Every year, Novell holds its annual tradeshow, which it calls Brainshare, in Salt Lake City, Utah. This year, the company has had a much smaller, but possibly more raucuous, companion, across the street.
Free software advocate Bruce Perens, one of the two people who founded the open source initiative to bridge the gap between free software and the business community, was out there, continuing his campaign against Novell which he began after the company signed a deal with Microsoft last year.
According to the public part of the deal, Microsoft will pay Novell about $US348 million over five years, around $US240 million of which is for SUSE Linux Enterprise Server "certificates" that Microsoft can resell, distribute or use.
A deal on patents ensures that Novell will get $US108 million from Microsoft for use of Novell's patents. Novell will fork out something in the region of $US40 million annually for five years to Microsoft which has agreed not to raise patent claims against Novell's end-user Linux customers.
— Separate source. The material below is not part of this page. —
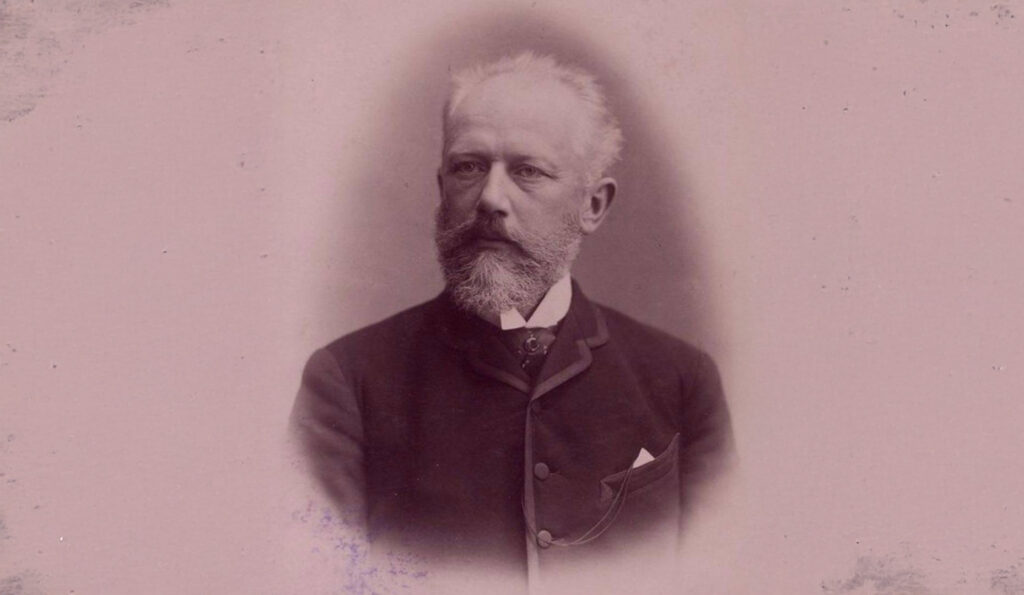 Porträttbild av vithårig Tjajkovskij med skägg och mustasch.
Microsoft will dole out $US60 million on joint Linux/Windows marketing, mostly for pushing virtualisation. Redmond is paying $US34 million to push the joint Linux/Windows offering. An interoperability lab is also part of the deal - a group that works to improve the way Linux and Windows work together.
Perens calls this "a protection racket." He made a speech to a small crowd in a little conference room across the street from the Novell tradeshow, stressing that he would have had no objection to Novell - or any other Linux company - signing a technical collaboration deal with Microsoft.